From Agency to Manufacturing

MARKQUEN is a story about former employees of a large international company who wanted to implement their experience in their own business, reflecting their ideas in the name — MARK from “marketing” and QUEN (KVEN) from a newly created Norwegian dialect, meaning “new perspective.”

Founders Bohdan Zelenyi and Oles Potiahylo started with €5,000, aiming to change the approach to POS solutions and believing that brands deserve more technological and innovative solutions than the market offered at that time.

For the first years, we worked as an agency, outsourcing production. But poor-quality batches and lost clients signaled: control is key. In 2020, we opened our first workshop and focused on our own production.

Manufacturing

Investing in Manufacturing and People

To scale production and meet growing demand, Bohdan and Oles attracted external funding: a grant for processing production and a loan at 7% under the state 5-7-9 program for Ukrainian enterprises.

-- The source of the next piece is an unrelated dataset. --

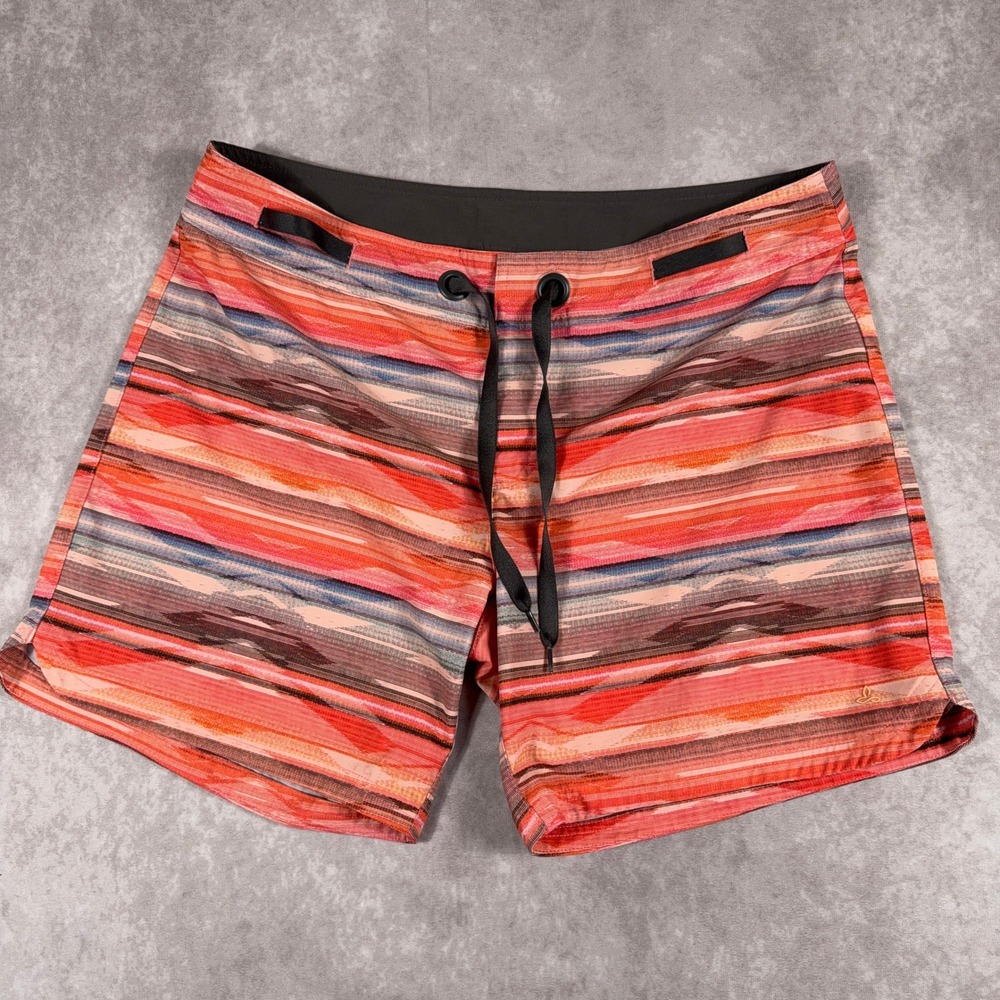 Prana High Seas Board Shorts Recycled Stretch Striped Swim Trunks L Orange Pink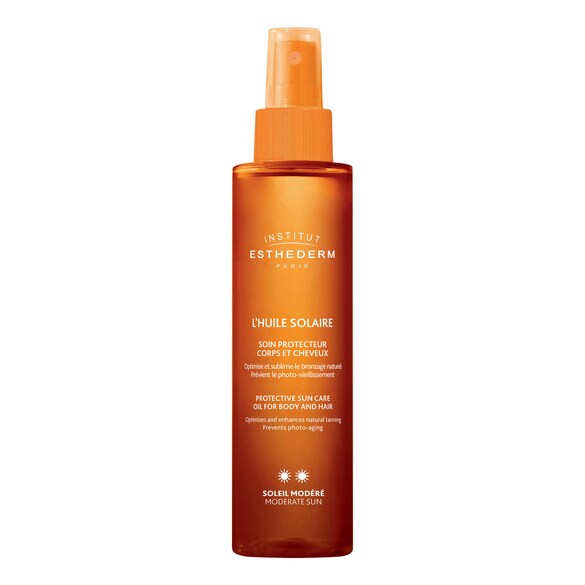 Huile Solaire Soin Protecteur Corps et Cheveux - Soleil Modéré, INSTITUT ESTHEDERM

Scaling required quick and risky decisions — “Once, I had to mortgage my house,” recalls Oles.

In total, €1.4 million was invested in production capacities and equipment, with all company profits fully reinvested — without paying dividends. This allowed the launch of our own metalworking shop and the implementation of multi-level quality control through routing sheets.

The shortage of qualified personnel became a challenge, so MARKQUEN focused on internal development.

“We realized there would be no instant results. We need to grow talent from within,” says Bohdan.

“Our most valuable resource is people who feel confident in their work and see that they are appreciated,” adds Oles. Within 6–8 months, newcomers became versatile specialists who now train others themselves.

Bohdan and Oles

Failures, Takeoffs, and Focus

In 2021–2023, MARKQUEN invested about €10,000 in digital marketing, but it only brought small orders without systematic cooperation.

“We were spreading ourselves thin, chasing isolated foreign orders,” the founders admit.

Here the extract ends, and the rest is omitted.